You may be wondering how we are able to detect all the different kinds of bacteria we receive in your sample. Differentiating between all the different types of organisms in the gut sounds like an impossible task. However, once you understand the basics of how this technology works, everything will seem a lot more simple.

What is rRNA?

The foundation of Mycrobiome’s sequencing approach utilizes a molecule known as ‘16S rRNA’. The RNA most people know about is essentially a messenger molecule in the cell. This molecule is a copy of genetic instructions that codes for an essential protein. However, rRNA does not work in this way. This molecule is special because it exists as part of the ribosome (the protein assembling machine). The rRNA is responsible for binding the ribosome to the correct amino acids in the correct order. The ‘16S’ part of the name simply refers to the length of the molecule in humans, rRNA is typically found in 18S and 28S lengths. Only bacteria have 16S sized rRNA.

Why use rRNA?

Because rRNA is something all bacteria need, there is a lot of similarity between the rRNA in different species of bacteria. In fact, there are certain regions of the rRNA that do not change at all because they are so essential that any changes in the RNA sequence would kill the bacteria. However, between these essential sections, there are regions known as variable regions. These areas of the rRNA molecule do not need to be perfectly conserved for proper functioning of the ribosome. As a consequence, mutations slowly change the sequences in these areas. Now here is the cool part; by comparing the changes in the sequences in variable regions, you can see how closely related different bacteria are.
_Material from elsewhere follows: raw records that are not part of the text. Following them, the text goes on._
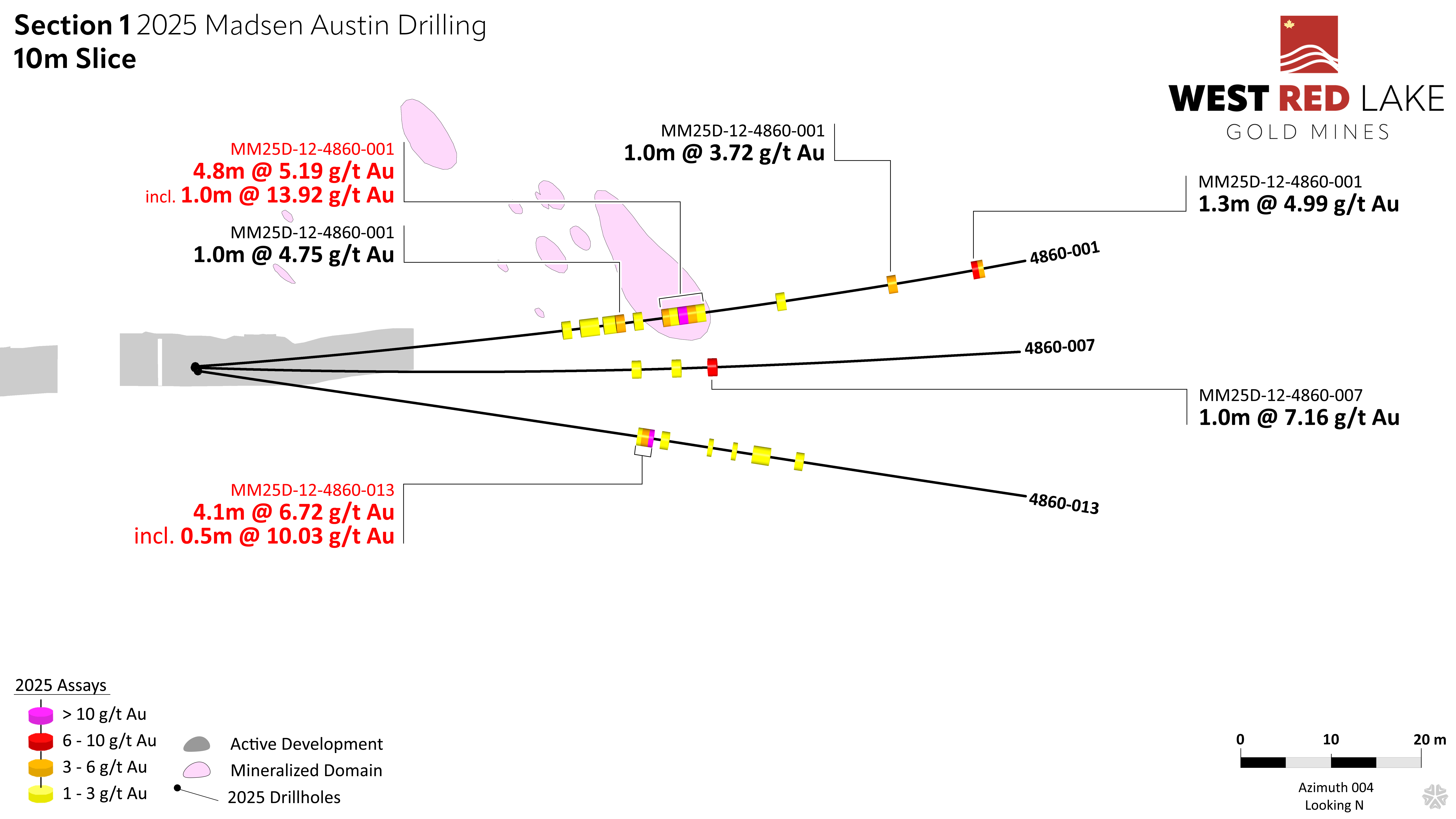 FIGURE 4. Austin section view showing assay highlights for Holes MM25D-12-4860-001, -007 and -013. image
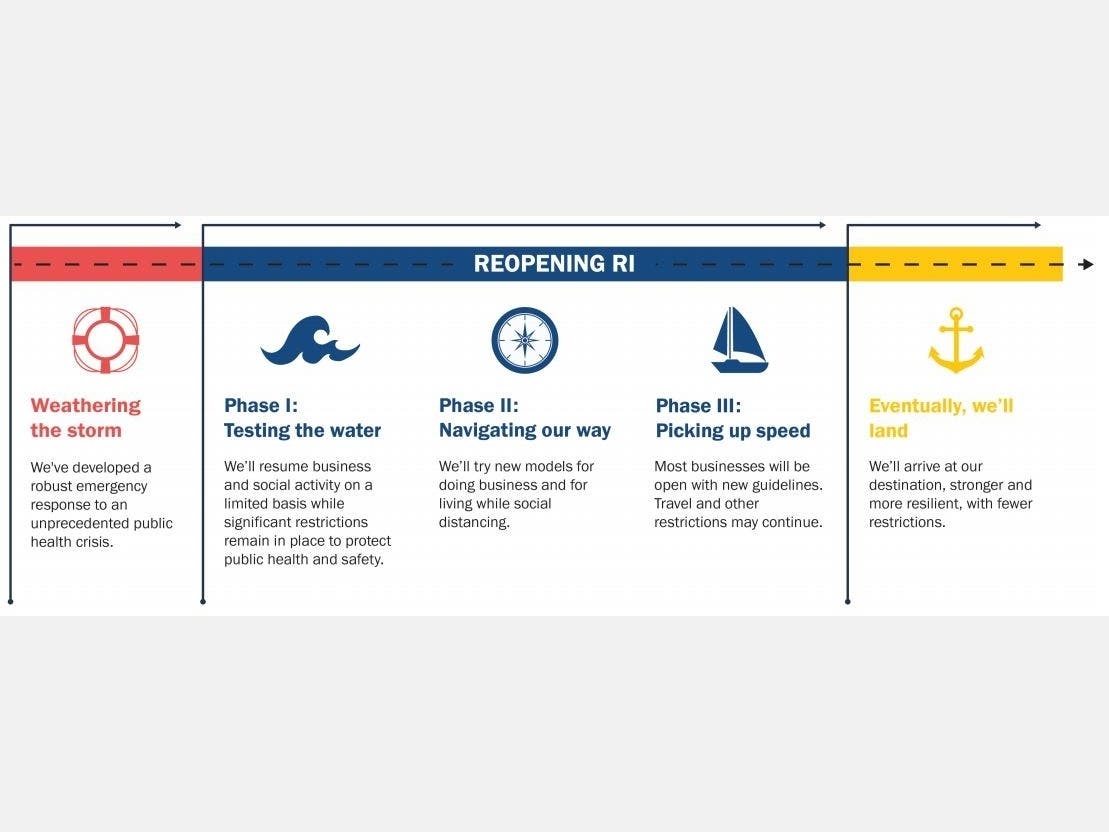 If Rhode Island continues to see a leveling-off or decrease in the number of coronavirus cases in the next two weeks, the state could begin to reopen after May 8. 
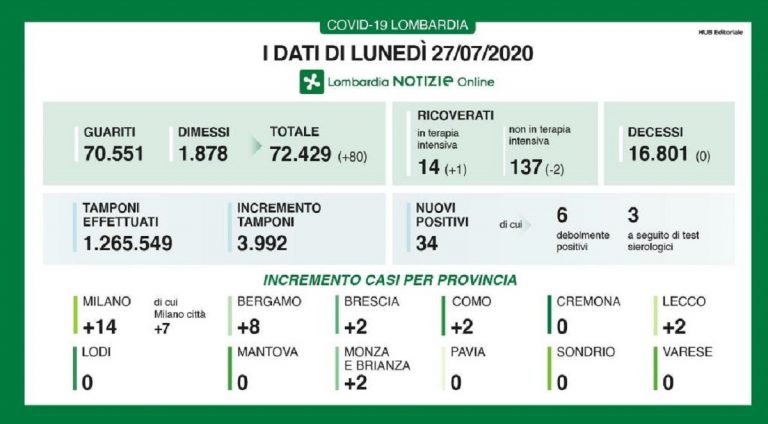 Coronavirus Lombardia 27 luglio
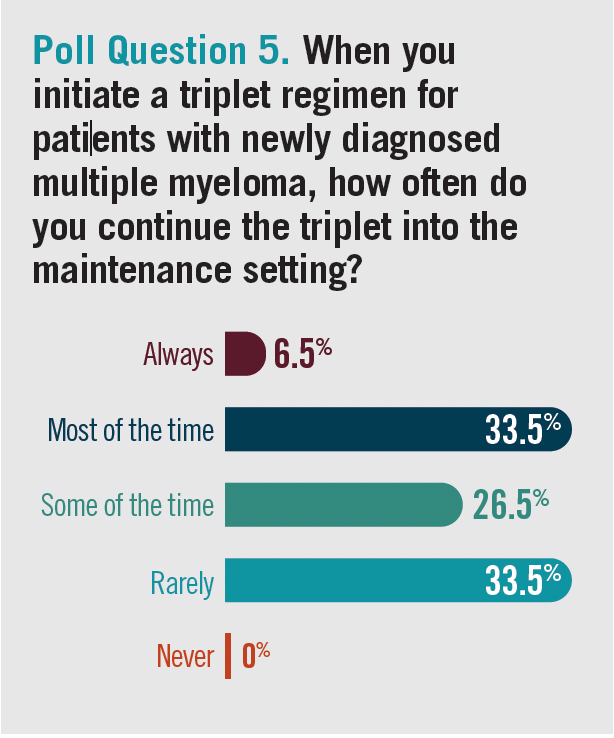 Poll Question 5. When you initiate a triplet regimen for patients with newly diagnosed multiple myeloma, how often do you continue the triplet into the maintenance setting?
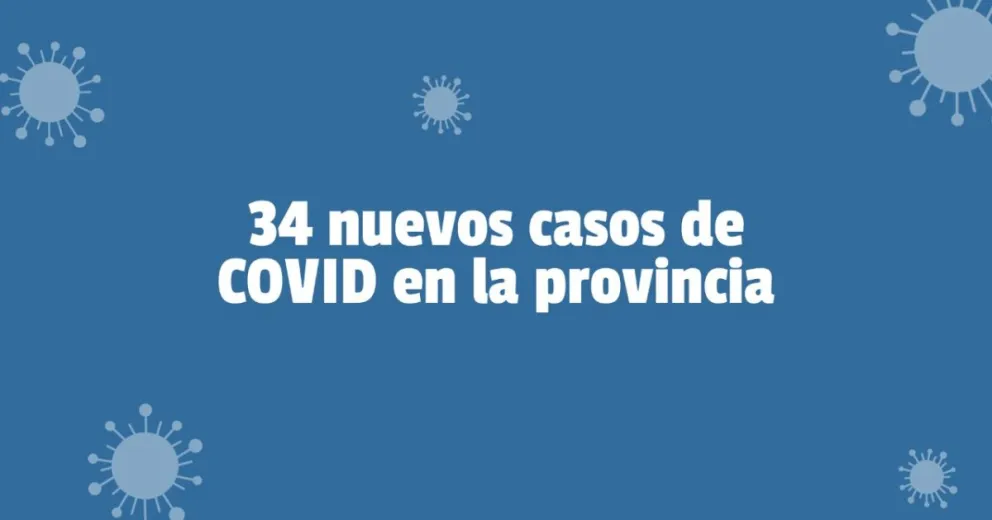 Coronavirus en San Juan: Se registraron 34 nuevos casos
For example, if you look at two bacteria and they have variable regions that are 90% similar, they are more closely related than bacteria that have 80% overlap in their variable regions. This makes logical sense; if two bacteria are distantly related, lots of time has passed since they split from each other. Thus, there has been a lot of time for random mutations to build up in the variable regions of their rRNA molecules, reducing the overlap percentage. Scientists have compared lots of bacteria like this and assigned certain mutation patterns to certain phyla (bacteroidetes, firmicutes, etc.).
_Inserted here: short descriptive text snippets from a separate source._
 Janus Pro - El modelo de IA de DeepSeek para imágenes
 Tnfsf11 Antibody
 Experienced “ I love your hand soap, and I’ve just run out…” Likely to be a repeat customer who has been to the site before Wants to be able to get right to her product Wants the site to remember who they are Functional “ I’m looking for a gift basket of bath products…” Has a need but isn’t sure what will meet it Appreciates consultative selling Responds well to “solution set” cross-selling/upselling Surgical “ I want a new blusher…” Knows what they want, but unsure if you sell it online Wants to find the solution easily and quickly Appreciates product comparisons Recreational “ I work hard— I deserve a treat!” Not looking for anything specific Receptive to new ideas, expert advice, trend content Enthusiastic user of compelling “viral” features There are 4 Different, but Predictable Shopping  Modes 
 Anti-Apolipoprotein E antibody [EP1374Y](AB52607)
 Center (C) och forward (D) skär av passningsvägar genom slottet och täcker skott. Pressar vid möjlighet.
Advantages of 16S rRNA Sequencing

1. The main advantage of using 16S rRNA sequencing is that all bacteria have this molecule. This means that using this technique will capture the entire population of bacteria in a sample, providing a more accurate analysis.
2. Additionally, all bacteria have many copies of the 16S rRNA gene in their genomes. This means that it is easier to isolate these target genes for sequencing (we sequence the DNA gene from which the rRNA is created) without getting too much interference from random sequences.
3. Unlike genes in plasmids, bacteria do not swap rRNA genes very often, which makes it easy to pinpoint what phylum/genera each bacteria belongs in without much room for misidentification.
4. Finally 16S rRNA is one of the cheaper methods by which to sequence the microbiome, keeping costs as low as possible.
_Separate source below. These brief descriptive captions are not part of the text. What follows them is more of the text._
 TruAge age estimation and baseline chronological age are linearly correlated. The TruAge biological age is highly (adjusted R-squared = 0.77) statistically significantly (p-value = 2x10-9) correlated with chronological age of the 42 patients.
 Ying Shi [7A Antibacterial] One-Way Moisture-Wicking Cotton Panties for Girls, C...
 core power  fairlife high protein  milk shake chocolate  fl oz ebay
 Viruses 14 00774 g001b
Disadvantages of 16S rRNA Sequencing

1. While it is true that all bacteria have 16S rRNA, not all bacteria have the same number of copies of rRNA genes. This means it is difficult to determine exactly how many of each bacteria are present in your gut. For example, a single bacteria with 100 copies of a rRNA gene will show up as 100 times more abundant than a bacteria with a single copy (I made up these numbers). On average, it is possible to determine general trends in relative population but the margins of error are high.
2. Another issue of 16S rRNA sequencing is the specificity of its phylogenetic classifications. This method is able to separate bacteria into phyla and occasionally genera, but it cannot distinguish between species. This is because changes in species may occur due to mutations in different parts of the genome that are not getting sequenced. Two different species of bacteria that have not developed any mutations in their 16S rRNA genes will therefore show up as the same species.

Conclusion

All in all, 16S rRNA sequencing is a good candidate for large scale microbiome analyses. It enables us to take lots of customer samples and provide reliable data quickly and economically. The technology itself uses simple concepts of genetic amplification and sequencing to identify all the different microbes in your samples, essentailly tracking the age old process of evolution thorugh genetics. Hopefully, this blog post helped you better understand the basics of how this technology works.